Progressive Radio Host Stephanie Miller Talks Coming Out
No longer cheering for gay rights from the sidelines but getting down on the field, as she puts it, progressive radio talk-show host Stephanie Miller came out as a lesbian on the air Friday. Miller, 48, who teased fans before her announcement with the tweet "Mama's got something to tell you," has often voiced support for gay causes on the nationally syndicated Stephanie Miller Show.
No longer cheering for gay rights from the sidelines but getting down on the field, as she puts it, progressive radio talk-show host Stephanie Miller came out as a lesbian on the air Friday. Miller, 48, who teased fans before her announcement with the tweet "Mama's got something to tell you," has often voiced support for gay causes on the nationally syndicated Stephanie Miller Show. In fact, she notes that she once thought she could be more effective if perceived as a straight ally. But now, she says, it feels freeing and empowering to walk in her truth.
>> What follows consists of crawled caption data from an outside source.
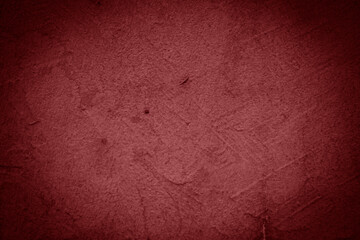 dark red stucco wall, blank grunge vintage surface design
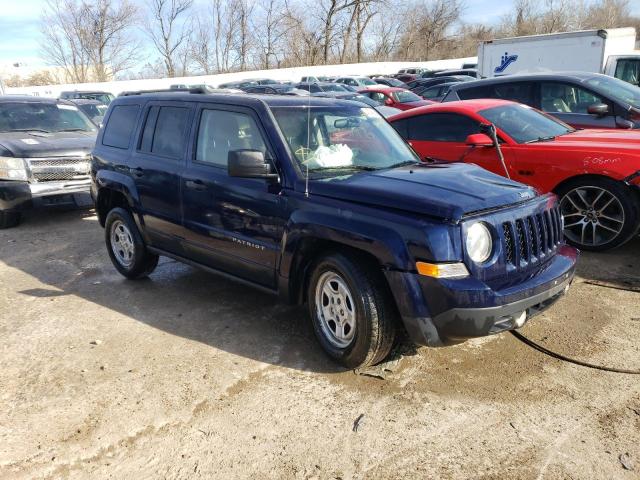 1C4NJPBB9FD149650 - 2015 JEEP PATRIOT SPORT BLUE photo 4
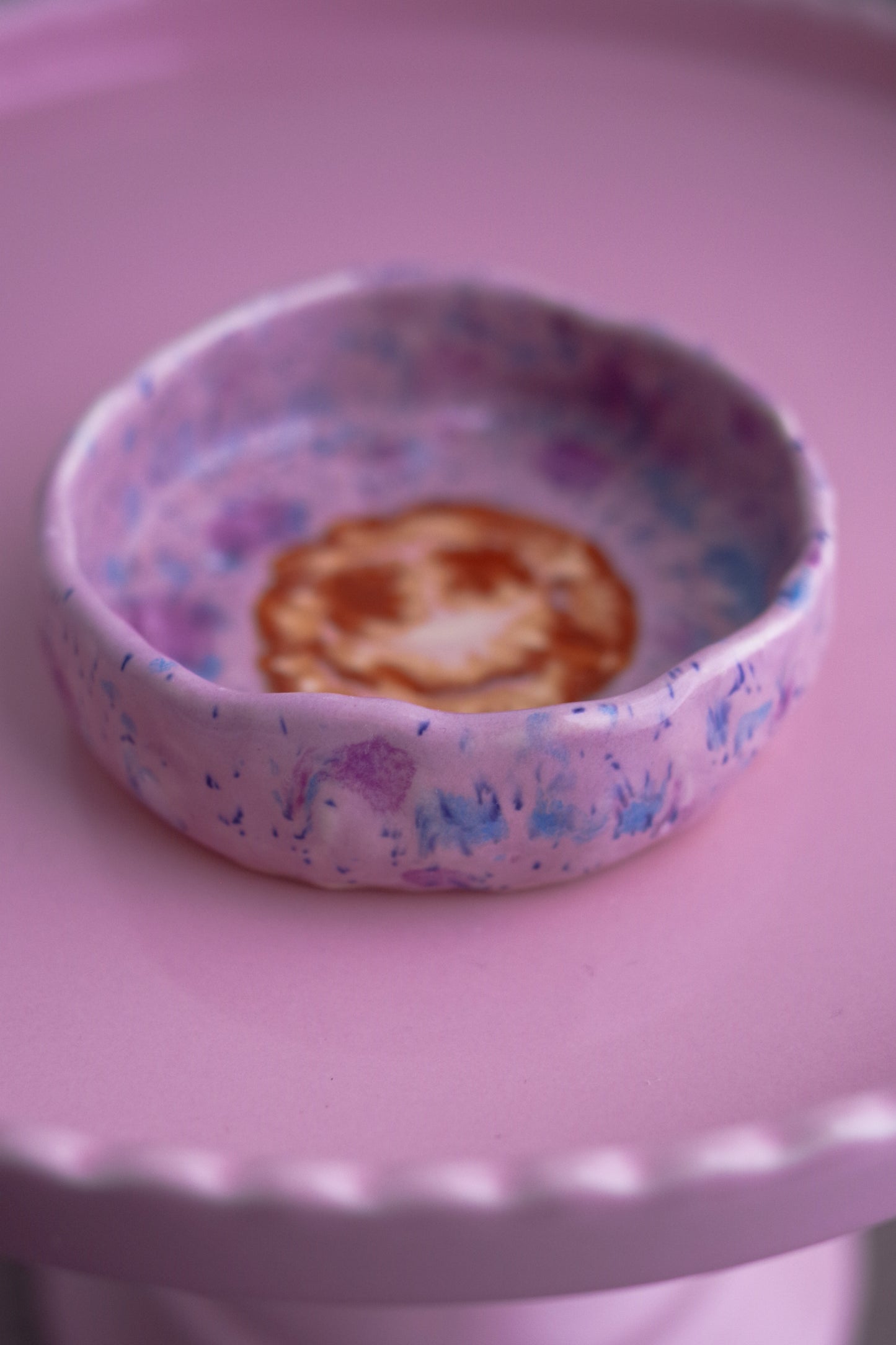 Small Purple Smiley Decorative Dish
Miller says listeners’ reactions have been overwhelmingly positive, and she’s long been out to and had support from colleagues, friends, and yes, her Republican family. Her late father, William Miller, was a Republican congressman from upstate New York and Barry Goldwater’s running mate on the 1964 GOP presidential ticket. Her mother, she notes, even prepared a statement to read on-air in the wake of her public coming-out.
Some listeners just want her to get back to fart jokes, and she assures us that her show, about to begin its seventh year, will still provide laughs along with as liberal activism. Her “mooks,” sidekicks Jim Ward and Chris Lavoie, now have more reasons to make fun of her, she notes, and she remains a single, childless loser.
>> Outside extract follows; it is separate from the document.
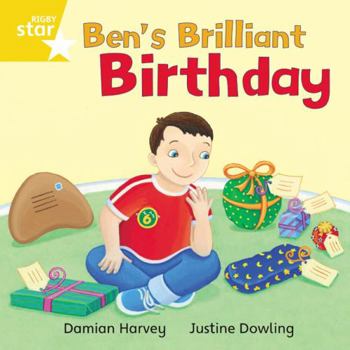 Paperback Rigby Star Independent Yellow Reader 10: Ben's Brilliant Birthday Book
First of all, let me say, I’m a longtime listener.
Stephanie Miller: You have exquisite taste in both broads and broadcasting, I have to say.
I heard your historic coming-out announcement. If you could tell our readers, why now? What inspired you?
As I said on the show, I think we all have our own tipping point or perfect storm or combination of events in our life, history, and people that inspire you. Something I wish we could get out of our dialogue is the people who say, “Why’d you wait so long? Why now?” We should respect everybody’s process and everybody’s path, and my point is to say, “Let’s start judging people less.” There are a lot of rationales that I had; as I said, I’ve always been a very private person and I’ve never lied. I’ve never said I’m straight, I’ve never said I’m not gay, I’ve just not talked about my private life. I certainly thought things like the “future husbands,” if people didn’t get that that was a joke, I’m pretty shocked.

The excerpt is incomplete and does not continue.